The exclusive jurisdiction provisions relied upon by NRG are labeled as "Retention of Jurisdiction" provisions, and bankruptcy courts are unable to expand their own jurisdiction by order. Harstad v. First American Bank, 39 F.3d 898, 902 n. 7 (8th Cir. 1994). Since this enforcement action was not subject to discharge and the bankruptcy court never had exclusive jurisdiction over it, the retention provisions in the plan and order do not apply to it. Similarly, the injunctive provisions in the plan and order do not apply because this enforcement action was not discharged pursuant to entry of the plan. Moreover, injunctive relief against future law violations would not be with respect to a proof of claim seeking relief in bankruptcy proceedings based on prepetition conduct. See King v. United States, 182 Ct.Cl. 631, 390 F.2d 894 (1968), rev'd on other grounds, United States v. King, 395 U.S. 1, 89 S.Ct. 1501, 23 L.Ed.2d 52 (1969). This is particularly true here where the bankruptcy court has entered a confirmation order and the proof of claim has been expunged. See In re Fairfield Communities, Inc., 142 F.3d 1093, 1095 (8th Cir. 1998). Given that Congress granted district courts jurisdiction over enforcement proceedings brought under the Act, that the bankruptcy court has limited jurisdiction over bankruptcy proceedings, and that the relief currently sought is distinct from that at issue during the bankruptcy proceedings, we conclude that the district court has jurisdiction over this enforcement action.

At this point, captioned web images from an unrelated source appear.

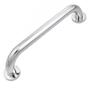 Imagem de Alça de Apoio 30cm Barra Inox Kit 14 Unidades Idoso Cadeirante Deficiente Banheiro Box Corrimao Acessibilidade Suporte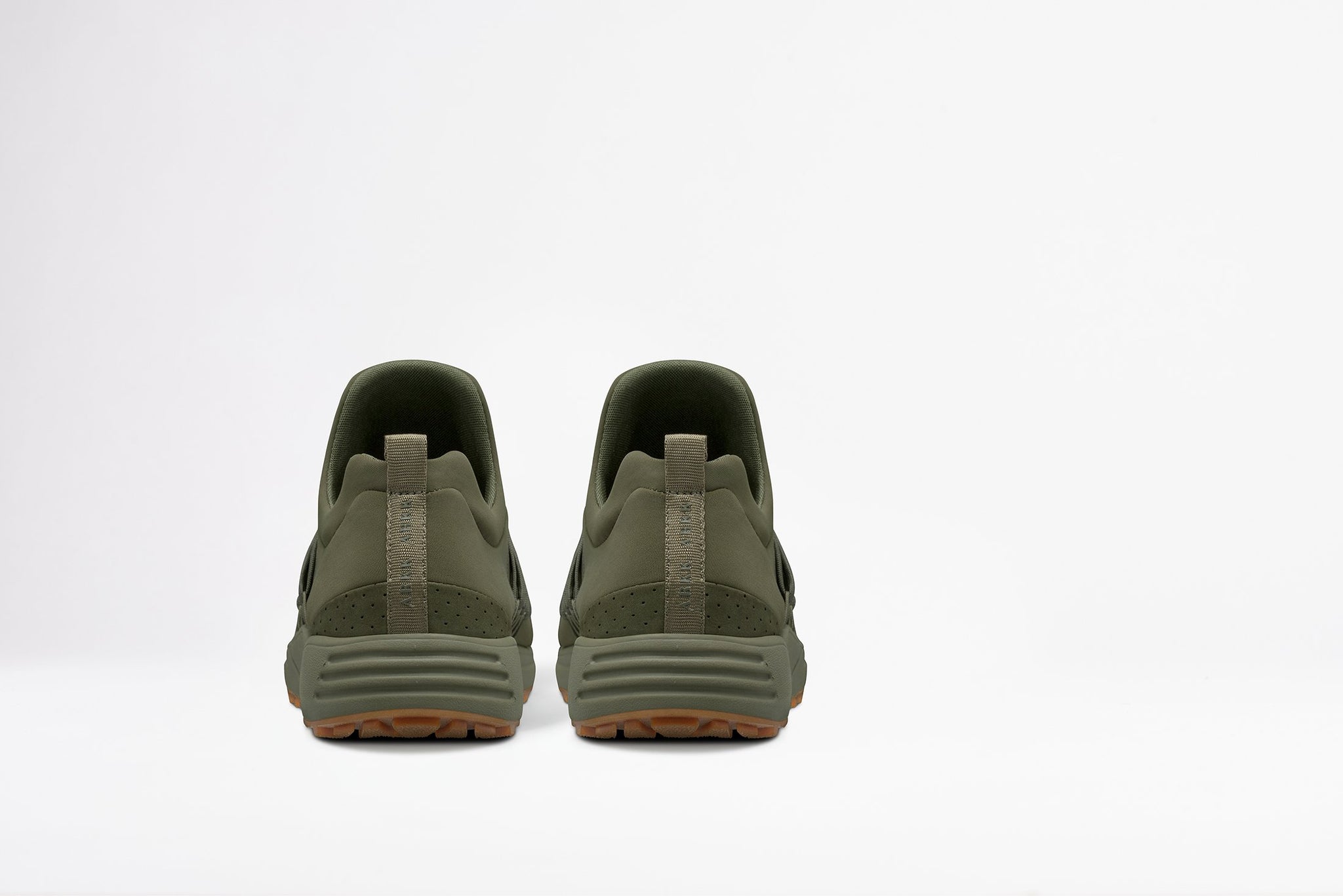 ARKK Copenhagen - Main Line Raven Nubuck S-E15 Vibram® Dark Army Gum-Women Raven Dark Army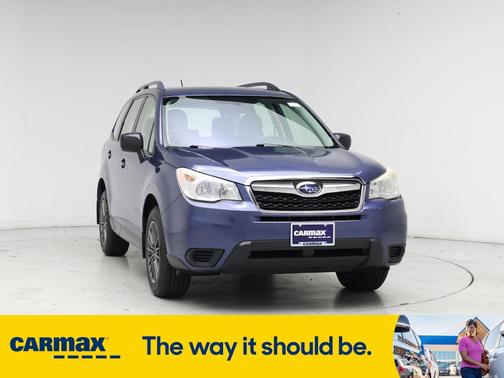 2014 Subaru Forester 2.5I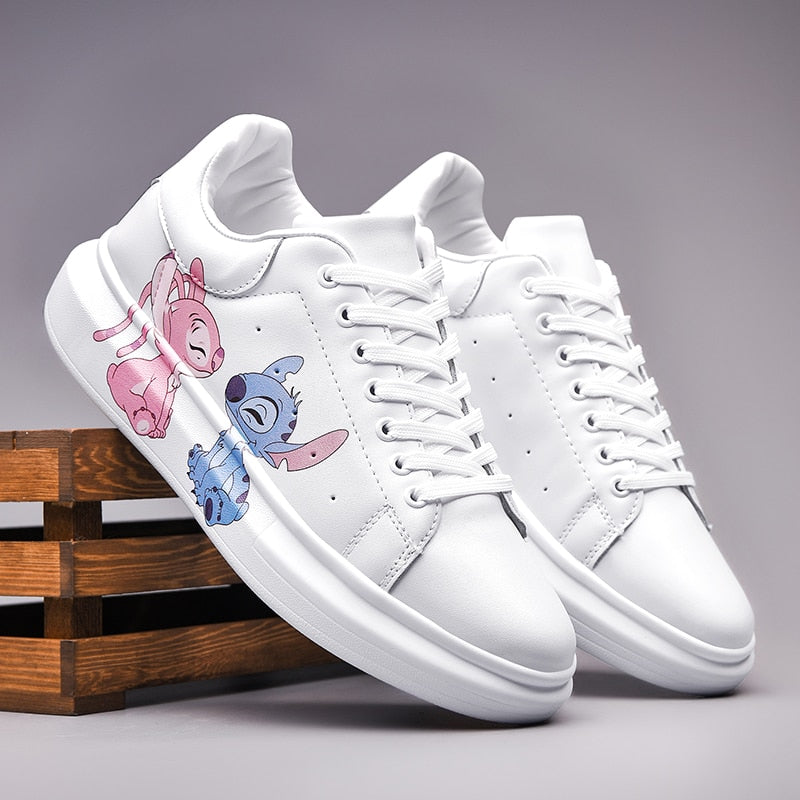 Lilo og Stitch Shoes joggesko - joggesko avslapning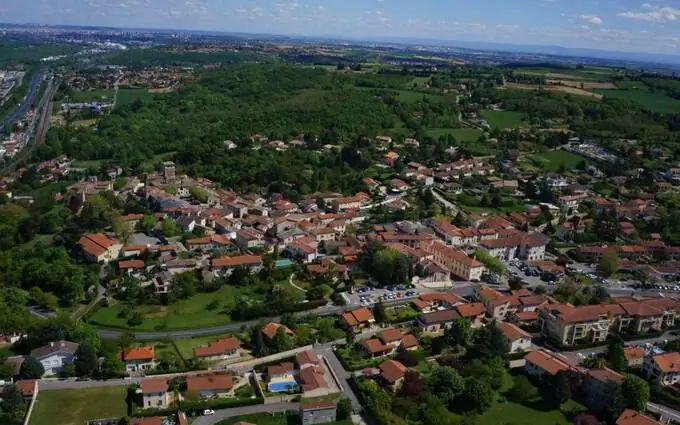 Programme immobilier neuf Les Marelles à Ternay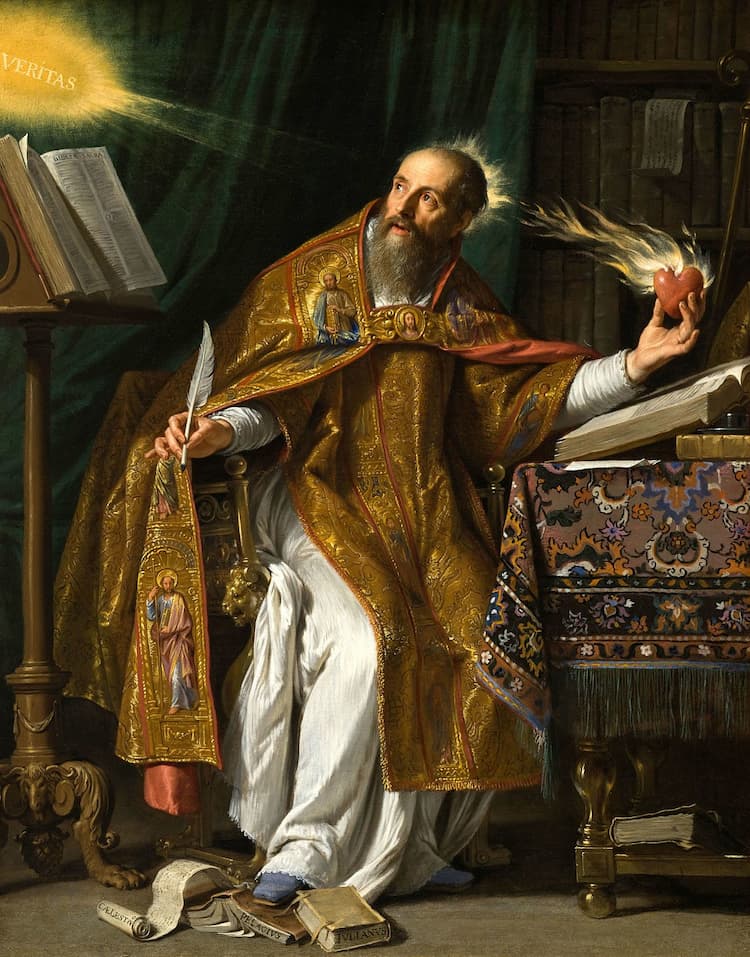 St. Augustine: Exposition on the Book of Psalms, Psalm XLII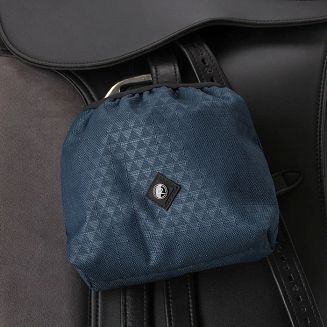 Stirrup Covers QHP Mystic Blue / 5586 - 2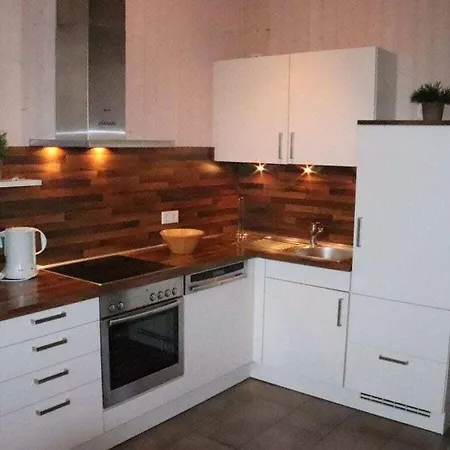 Dom wakacyjny Danish Janne Wolpers *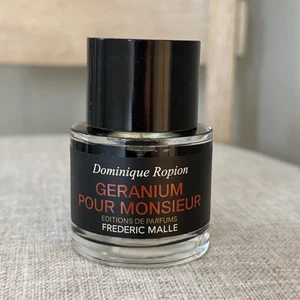 Frederic Malle Geranium Pour Monsieur Eau De Parfum Spray 1.7 oz - Picture 1 of 6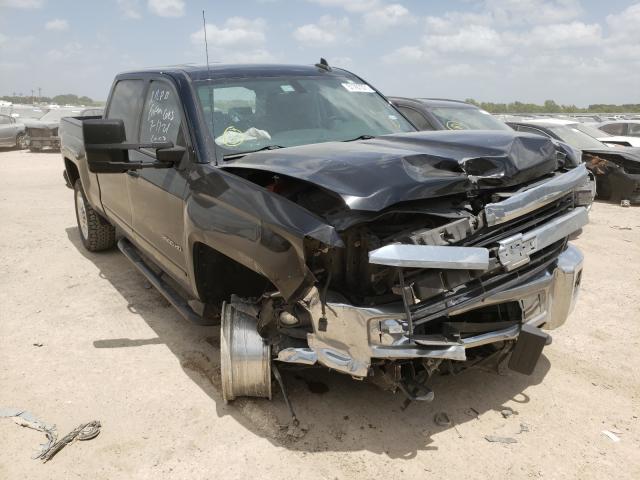 CHEVROLET SILVERADO 2016 1gc1kveg3gf281431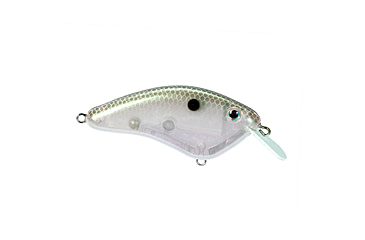 Image of Strike King Hardliner 35 Crankbait, 2.5in, 5/16oz, Green Gizzard Shad, 12-36292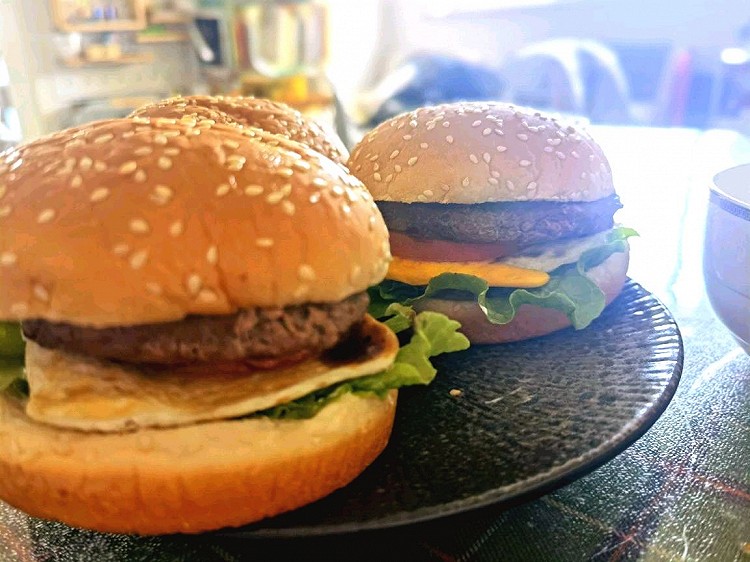 自制汉堡🍔图3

NRG fails to cite any authority that would permanently authorize the bankruptcy court to prevent the Commission from bringing this enforcement action. NRG cites 11 U.S.C. § 105 for the proposition that bankruptcy courts can "issue any order, process, or judgment that is necessary or appropriate to carry out the provisions of this title", but § 105(a) may only be invoked "if the equitable remedy utilized is demonstrably necessary to preserve a right elsewhere provided in the Code." In re Ludlow Hosp. Soc, Inc., 124 F.3d 22, 28 (1st Cir. 1997); Johnson v. First Nat'l Bank of Montevideo, 719 F.2d 270, 273 (8th Cir. 1983). NRG has cited no authority permitting bankruptcy courts completely to eliminate an agency's ability to pursue an enforcement action seeking only injunctive relief. Such a reading of the order and plan would be invalid as a matter of law.
To support its position that the Commission is required to seek permission from the bankruptcy court to pursue this action, NRG relies on Celotex Corp. v. Edwards, 514 U.S. 300, 115 S.Ct. 1493, 131 L.Ed.2d 403 (1995). In Celotex, the Supreme Court barred a creditor from collaterally attacking the merits of a bankruptcy injunction in a different district. Id. at 313, 115 S.Ct. 1493. Since we conclude that the injunction in NRG's bankruptcy case does not apply to this enforcement action looking to future conduct and that the bankruptcy court would have been without authority to issue such an order, Celotex is inapplicable. Under the circumstances here, the Commission does not need to seek relief from the bankruptcy order in the Southern District Court of New York to proceed because the injunction does not apply to this case.
Accordingly, the judgment is reversed and the matter is remanded to the district court for further proceedings consistent with this opinion.